In response to Muhammad’s comments, Senator Dalshawn Boson explained that the conference was advertised within the buzz of elections to help promote it, but eventually they were separated, saying, “There was a decision made that there must be a complete separation made to the R’Margins Conference and a political party, and from that conversation there was no longer any type of affiliation.”

After public forum concluded, Sammie Ayoub, a student-trust elect at the Riverside Community College District (RCCD), elaborated on the hiring of Lorraine Jones. Prior to the hiring of Jones at the RCCD, she had been accused of mishandling the rape case of Aarefah Mosavi during her time working at Mount San Antonio College. After Ayoub read Mosavi’s story, a resolution formally asking for the resignation or termination of RCCD Director of Compliance Jones was unanimously passed by a standing vote.

Next, President Pro Tempore Corey Willis read aloud the changes and additions made to the elections code. Willis presented the new definition of verification of elections results and the other bylaw code changes. “Judicial’s understanding of what verification meant is that they thought it gave them the right to validate or to not validate. It is my personal opinion and the opinion of some of the members of the LRC (legislative review committee) that they did not have the ability to do that as I mentioned earlier.”

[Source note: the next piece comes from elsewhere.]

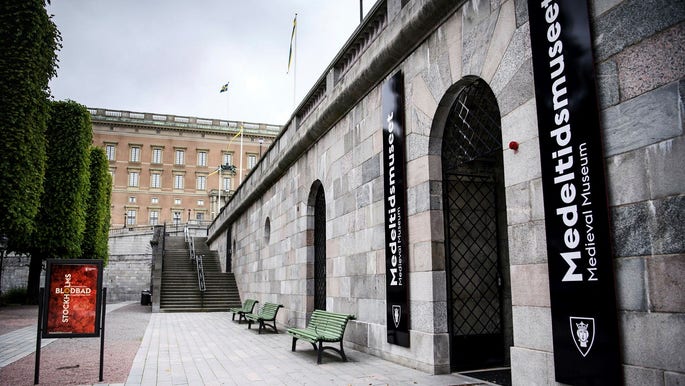 Under riksplan bör ett besökscentrum för riksdagen kombineras med ett nytt museum med befintliga fornminnen för att åskådliggöra det svenska rikets framväxt, anser insändarskribenten.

Arturo Gomez, an independent candidate who ran for president in this year’s elections, countered the changes made in the elections code asking, “What purpose does changing the elections code here serve in regards to the judicial council’s current mandate?”

“The point of this is that judicial’s interpretation of what verification meant is differed from what the senate believed verification meant,” Willis replied. He further explained that the senate did not agree that the language of the elections code allows for the judicial branch to decide whether or not they wanted to validate the elections results. “The point of changing this … is more to expand upon … what verification means.” Changes in the code only allowed the refusal of validation of elections only if a third-party vendor notified that there was a technical error in the numbers they provided.

Amendments made to part 5, item 9, section A of the elections bylaws, adding the definition of verification of elections results, were approved by a vote of 12-0-1. Changes made to part 6, item 1, section A, amending who is allowed to call for new elections, were also passed with a vote of 11-0-2.


-Vice President of External Affairs Summer Shafer presented the University of California Student Association (UCSA) 2016-17 budget.